Michelle Lanzoni is a doctoral student in the School of Geography and the Environment where she teaches on the water quality section and was a past teaching assistant for the MSc in Water Science, Policy and Management. Michelle has a BA from Prescott College in Arizona, an MS from the University of Montana in Missoula, and an MSc from the University of Oxford in Water Science, Policy and Management. Before coming to Oxford, Michelle worked in technology development for micro- and molecular-biology research laboratories in Cambridge, Massachusetts, including the Broad Institute of Harvard and MIT.

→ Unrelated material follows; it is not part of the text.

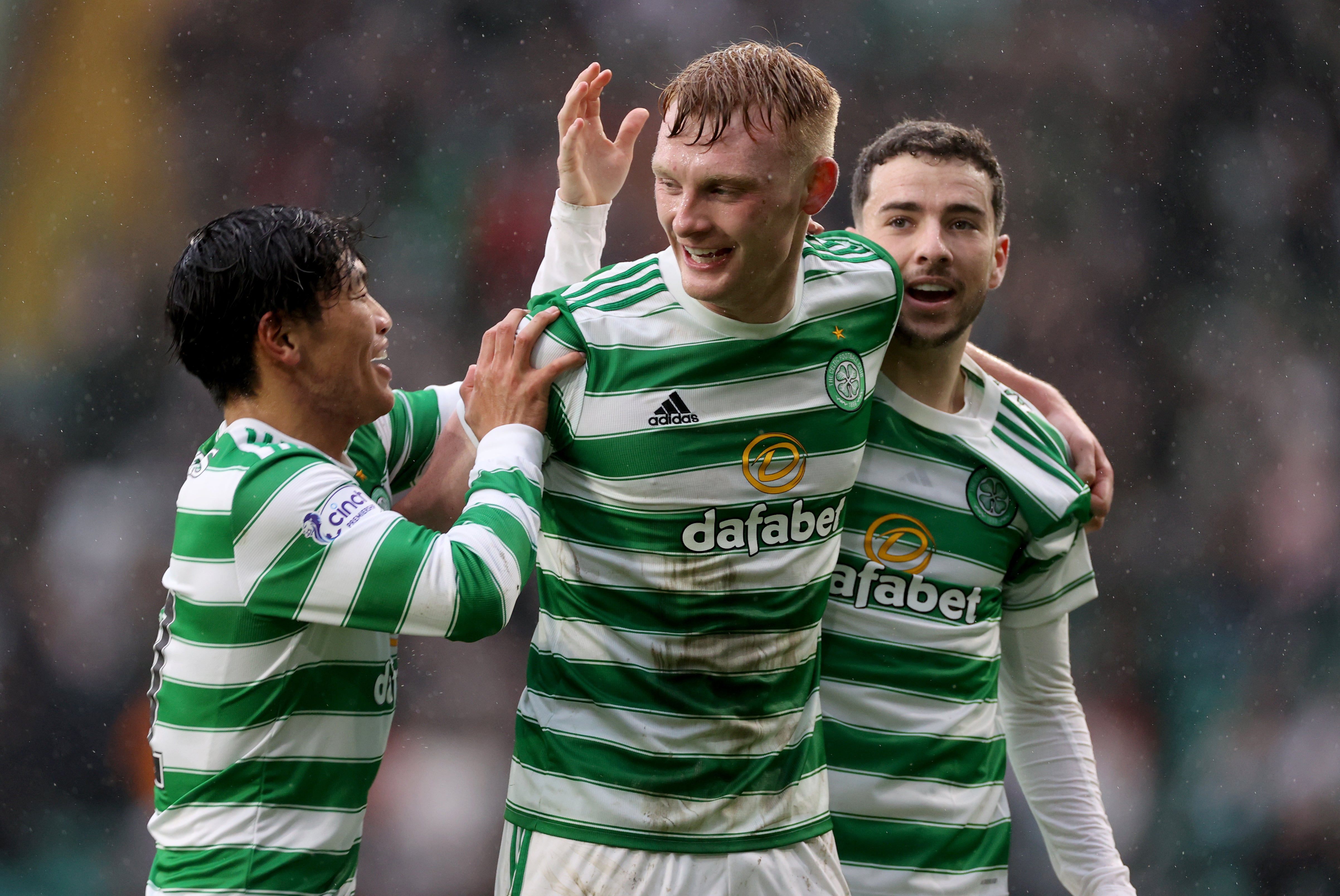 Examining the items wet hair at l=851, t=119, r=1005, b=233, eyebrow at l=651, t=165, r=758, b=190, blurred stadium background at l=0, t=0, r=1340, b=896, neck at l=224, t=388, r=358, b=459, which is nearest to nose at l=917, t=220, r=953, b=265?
wet hair at l=851, t=119, r=1005, b=233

Michelle has worked on water research projects in dryland regions of the Middle East, North Africa, and the American Southwest. During her MSc at Oxford, Michelle studied groundwater recharge in Sudan. Her doctoral research investigates groundwater recharge in a high-elevation desert valley in the American West. Her current work takes place in the San Luis Valley of Southern Colorado, at the University of Oxford, and at the University of Wyoming's Stable Isotope Facility.

Research interests

  • Environmental isotopes
  • Groundwater quality
  • Water in drylands
  • Groundwater recharge
  • Precipitation chemistry

Awards and Funding

  • AGU Fall Meeting Travel Grant, Hydrology Section, 2017
  • AGU-SEG Geophysics Workshop Travel Grant, 2015
  • Rotary Global Scholarship, 2013
  • Clinton Global Initiative Award, 2010
  • Ellen Meloy Desert Writers Award, 2010

Current Research

Drylands cover roughly 40% of the Earth’s surface, and much of the groundwater in these regions was either formed during past-climate conditions or is dependent on highland hydrology. Much of the American Southwest is comprised of arid desert ecosystems whose aquifers are replenished through mountain snowmelt. Groundwater recharge through mountain block and mountain front pathways is expected to decline across much of the American Southwest due to decreased snowpack and altered timing of snowpack melt. Determining the source, timing, and chemistry of precipitation events, and how these events contribute to recharge processes is critical to understanding groundwater resources in dryland areas.

The San Luis Valley in Southern Colorado is a high-elevation agricultural desert with >1,000 m difference between valley floor and mountain pass. Snowmelt from the San Juan Mountains forms the headwaters of the Rio Grande and contributes to the valley’s groundwater. This study examines chemical and isotopic differences between precipitation that falls on the valley floor and at mountain-pass elevation. It uses chemical and isotopic tracers to identify pathways and rates of recharge to the unconfined, upper confined, and lower active confined aquifers. Water is traced through its atmospheric origin, its point of recharge, and its movement along flowpaths. This study asks, what are the main pathways for recharge, and is there evidence these recharge mechanisms may be changing over time?

To answer these questions, this study focuses on the closed basin region of the San Luis Valley, where there existed an extensive wetland playa system, which was fed by mountain creeks and groundwater inflow. This study uses isotopic tracers to investigate plant water use on the valley floor and uses time-lapse electrical resistivity to visualize water movement above the zero-flux plane. This study employs traditional and non-traditional hydrological techniques to follow water in the San Luis Valley watershed as it moves through its air-surface-ground water cycle. By placing hydrological insight within a human context, this study offers suggestions for the future stewardship of these significant groundwater resources.